Que se reative a base de proteção e fiscalização na T. I. Karipuna, destruída pelos invasores, como retaliação a comunidade e a contratação de pessoas da comunidade, para receber pelo trabalho de proteção e fiscalização que já fazem de forma permanente na T. I. Karipuna.
Que haja uma base de Proteção aos povos isolados e ao povo Karipuna.
Que seja liberado em caráter de urgência, o recurso da compensação pelos impactos sociais e ambientais, resultantes do Complexo do Madeira.
Que haja a desintrução da T. I. Karipuna, com a identificação de todos grileiros que estão desmatando e marcando lotes, assim como quem financia tais pessoas.

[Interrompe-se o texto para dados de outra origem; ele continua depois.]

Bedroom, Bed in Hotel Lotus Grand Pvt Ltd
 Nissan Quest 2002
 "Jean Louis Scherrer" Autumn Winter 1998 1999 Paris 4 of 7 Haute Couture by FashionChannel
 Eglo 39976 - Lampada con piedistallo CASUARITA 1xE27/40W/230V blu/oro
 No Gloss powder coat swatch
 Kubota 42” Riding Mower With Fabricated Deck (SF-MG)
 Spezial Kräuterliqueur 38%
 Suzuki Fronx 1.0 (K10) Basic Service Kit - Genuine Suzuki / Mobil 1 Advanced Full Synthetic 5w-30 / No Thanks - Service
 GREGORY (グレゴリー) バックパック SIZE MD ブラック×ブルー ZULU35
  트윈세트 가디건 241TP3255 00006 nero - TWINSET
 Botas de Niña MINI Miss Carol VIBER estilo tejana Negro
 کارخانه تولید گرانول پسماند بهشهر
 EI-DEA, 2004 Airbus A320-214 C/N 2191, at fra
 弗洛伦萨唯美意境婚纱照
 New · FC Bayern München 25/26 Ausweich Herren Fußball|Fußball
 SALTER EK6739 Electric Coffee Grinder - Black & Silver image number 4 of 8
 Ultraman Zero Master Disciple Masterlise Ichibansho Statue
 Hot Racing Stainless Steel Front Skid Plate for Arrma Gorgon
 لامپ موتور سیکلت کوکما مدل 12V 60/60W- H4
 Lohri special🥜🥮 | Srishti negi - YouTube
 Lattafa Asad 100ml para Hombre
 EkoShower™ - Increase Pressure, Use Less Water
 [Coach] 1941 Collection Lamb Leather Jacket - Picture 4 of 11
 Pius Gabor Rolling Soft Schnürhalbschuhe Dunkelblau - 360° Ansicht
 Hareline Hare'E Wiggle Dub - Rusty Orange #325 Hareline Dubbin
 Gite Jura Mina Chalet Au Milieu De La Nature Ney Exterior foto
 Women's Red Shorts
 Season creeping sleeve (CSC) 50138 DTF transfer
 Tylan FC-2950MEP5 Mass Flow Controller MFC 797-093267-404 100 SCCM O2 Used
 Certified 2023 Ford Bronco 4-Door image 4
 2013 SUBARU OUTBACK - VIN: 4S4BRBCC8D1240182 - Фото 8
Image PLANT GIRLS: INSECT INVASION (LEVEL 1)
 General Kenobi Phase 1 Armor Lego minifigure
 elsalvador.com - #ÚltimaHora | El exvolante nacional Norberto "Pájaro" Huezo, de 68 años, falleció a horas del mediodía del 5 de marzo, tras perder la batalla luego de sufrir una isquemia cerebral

Diante do exposto, aguardamos celeridade no que diz respeito às demandas do povo Karipuna e a ação do Supremo Tribunal Federal, com relação a ADPF 709 e medidas tangíveis par coibir a inconstitucionalidade da Lei 14.701, que normatizou a ilegadade do marco temporal, tendo grande prejuízo para a integridade física, cultural e territorial do nosso povo e dos povos isolados que vivem constantemente ameaçados de um genocidio, pela presença do crime organizado que comanda as ações dentro e no entorno do território.
Atenciosamente,
Eric One Karipuna
Liderança
Adriano Karipuna
Liderança"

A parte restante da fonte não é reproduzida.